Nurikabe

Generating and Auto-solving

Nurikabe is a logic puzzle I came across in a puzzle magazine I got for Christmas (thanks Mom P!). They're a lot of fun. See here for a description/tutorial, and here for an explanation of this interesting Japanese word.

Since there were only five puzzles in the magazine, I started thinking about how a computer program could generate nurikabe puzzles. It shouldn't be hard to generate nurikabe "mazes" that satisfy the game constraints. However, like most logic puzzles, it seems like the hard part of generating nurikabe is guaranteeing that the ones you produce are solvable. For that, the only way I know is to try to solve them, whether manually or by writing an auto-solver. So below is a draft of some rules for an automatic nurikabe solver to follow. This would be a fun program to write!

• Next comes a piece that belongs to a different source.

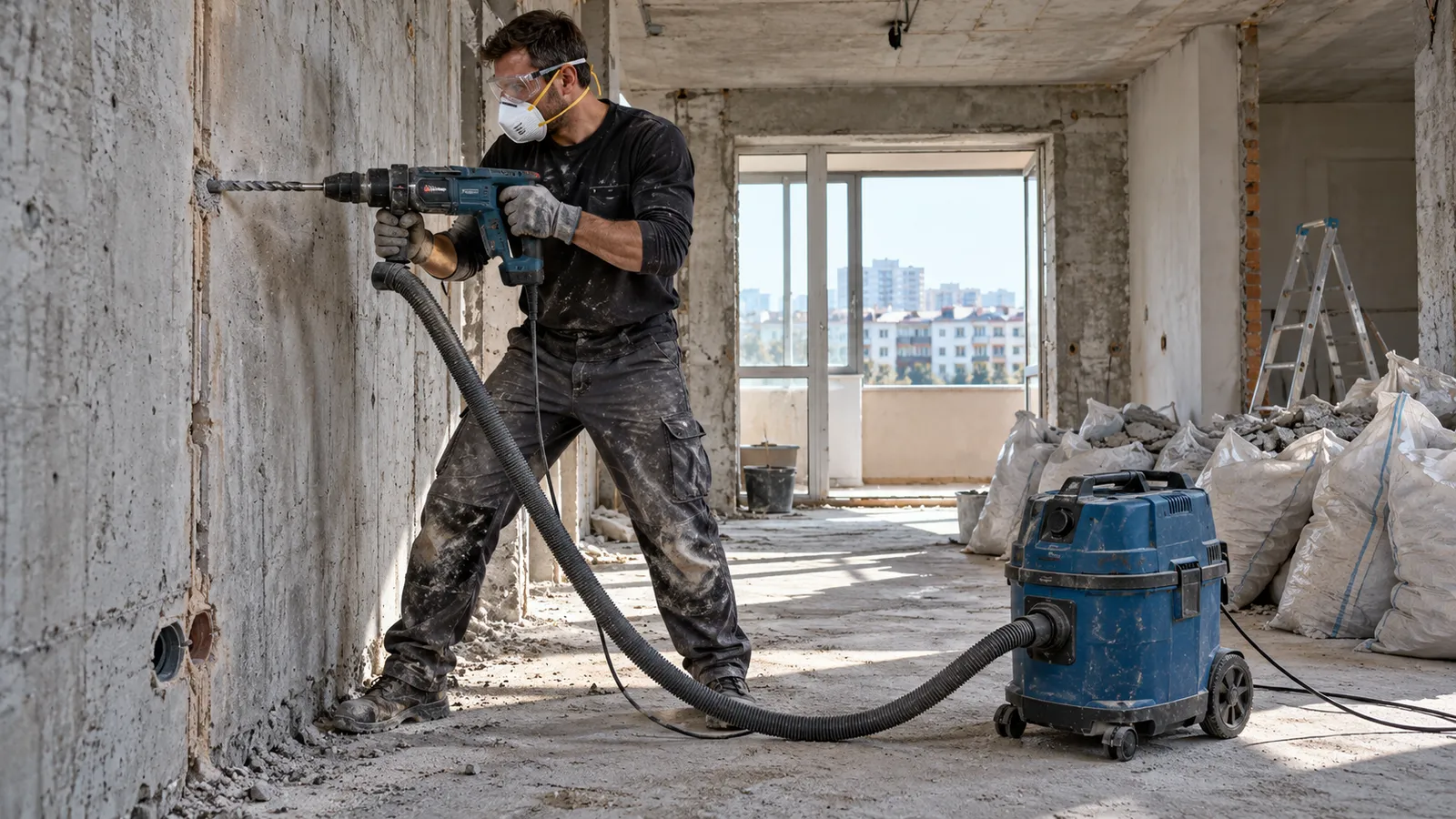 Muncitor pe un șantier de renovare care aspiră praful de beton cu un aspirator industrial legat de un rotopercutor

According to Brandon McPhail's thesis, nurikabe is NP-complete. What does this imply for writing an auto-solver? That for sufficiently large puzzles, if we wanted to do an exhaustive search for solutions, it would take much longer than we can afford to wait.¹ (Or else we make computer science history by solving an NP-hard problem in polynomial time.) Does this mean that writing a nurikabe solver, and possibly generator, is a lost cause? Theoretically, perhaps, but practically, I don't think so. When I solve a nurikabe puzzle by hand, it doesn't take me exponential time. I don't go six levels deep into hypotheses in order to find out what square to color black or white next. Usually there are deterministic ways to move forward, i.e. you can eliminate possibilities without much searching through potential moves. (Of course, this may be because the puzzles I try to solve are those invented and tested by humans to be not-too-hard for humans.) My hope is that using mostly deterministic methods, an auto-solver can either solve the puzzle in a reasonable amount of time, or give up. A non-exhaustive solver won't be able to prove in every case whether there is exactly one solution to a puzzle, but maybe in most cases, or many cases, it can do a good enough job by doing this reduced task: showing that there is exactly one solution reachable by a fairly thorough application of a set of mostly-deterministic methods typical of what a human is likely to be able to use. I.e. showing that the puzzle is not too hard, which is really in some ways better for what I want (making puzzles for humans) than showing that the puzzle is has exactly one solution.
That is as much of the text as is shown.